Caption-style text data
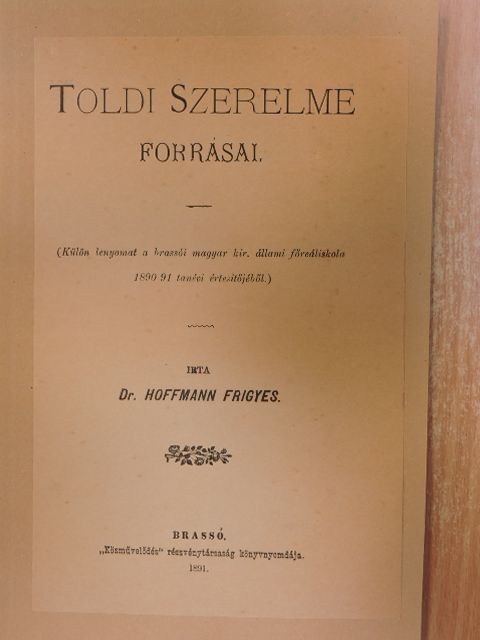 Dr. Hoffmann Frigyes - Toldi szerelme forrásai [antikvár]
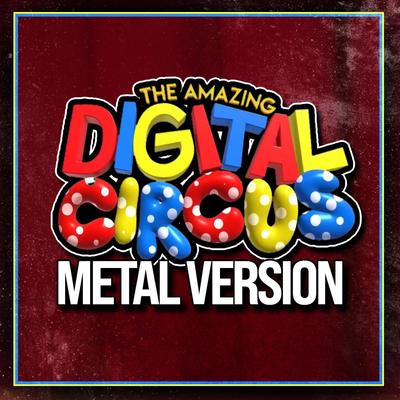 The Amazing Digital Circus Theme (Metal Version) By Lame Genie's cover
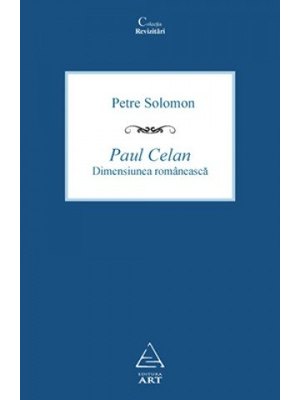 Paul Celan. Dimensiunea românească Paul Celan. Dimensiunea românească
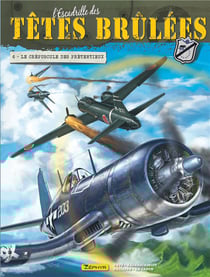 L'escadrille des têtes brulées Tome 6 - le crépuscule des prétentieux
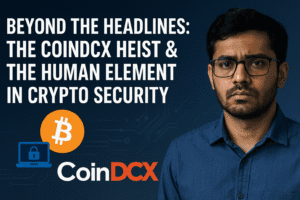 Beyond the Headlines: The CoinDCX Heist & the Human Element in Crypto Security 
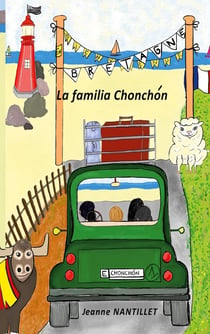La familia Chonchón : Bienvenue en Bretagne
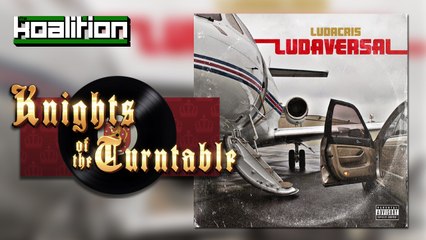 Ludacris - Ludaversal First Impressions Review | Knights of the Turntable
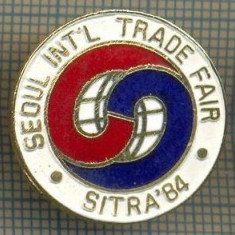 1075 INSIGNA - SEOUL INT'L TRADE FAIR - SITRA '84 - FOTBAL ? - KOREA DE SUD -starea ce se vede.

(Exercise directions)
Output exactly the lines from the line with "Beyond the Headlines: The" to the last line of the records, including both, and leave every picture out.

(Result)
 Beyond the Headlines: The CoinDCX Heist & the Human Element in Crypto Security 
La familia Chonchón : Bienvenue en Bretagne
 Ludacris - Ludaversal First Impressions Review | Knights of the Turntable
 1075 INSIGNA - SEOUL INT'L TRADE FAIR - SITRA '84 - FOTBAL ? - KOREA DE SUD -starea ce se vede.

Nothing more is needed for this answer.